Stewards typically have a strong interest in a particular kind of patented tool, and in many cases will already have some patent data collected. For these folks, stewardship is a natural extension of their patent research. Collecting and organizing the data helps to increase their own knowledge of their area, and the fact that it is publicized for others to use is a nice side-effect.


How much work is involved?

That depends on how many patents you are willing to support. The initial data collection can be time-consuming-- you need to collect and enter all of the data for the patents, and convert the data into a special text format (XML) in order for DATAMP to understand it.

Once the initial data is collected, though, it is not a lot of work. You will get the occasional emailed question about one of your patents, or find additional information to add to your listings.
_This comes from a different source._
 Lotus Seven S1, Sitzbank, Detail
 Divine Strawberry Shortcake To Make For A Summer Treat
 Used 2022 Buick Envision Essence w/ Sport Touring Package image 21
Do I need to be a patent expert?

You do not need to be an "expert", but you will need to know how to navigate the USPTO site in order to collect the data. Since the older patents at the USPTO are only searchable by patent number and classification, you will need a basic understanding of patent classification and how to search for patents of a particular class.

If you are fortunate enough to live near a patent library, you can also do much of your data collection using the microfilm and old patent gazettes. You will probably still need to use the USPTO web site in order to get your pictures, but most of the mundane collection can be done in the library.


How do I start?

In order for stewards to get the hang of what is involved and make sure that they are capable of and willing to do the work that is needed, we ask that a steward collect and format the data for at least 50 patents before we allow them to upload to DATAMP. Once the data is collected and reviewed, a steward account will be created for them, and they are able to upload and edit patent data on the server.

This is not to say you are entirely on your own, however!

The DATAMP stewards use a mailing list hosted by Chris Swingley at UAF to distribute information and ask questions. This mailing list is open to the public. We also hold occasional on-line chats to work through specific issues. These chats are announced on the mailing list, and are open to anyone who is interested.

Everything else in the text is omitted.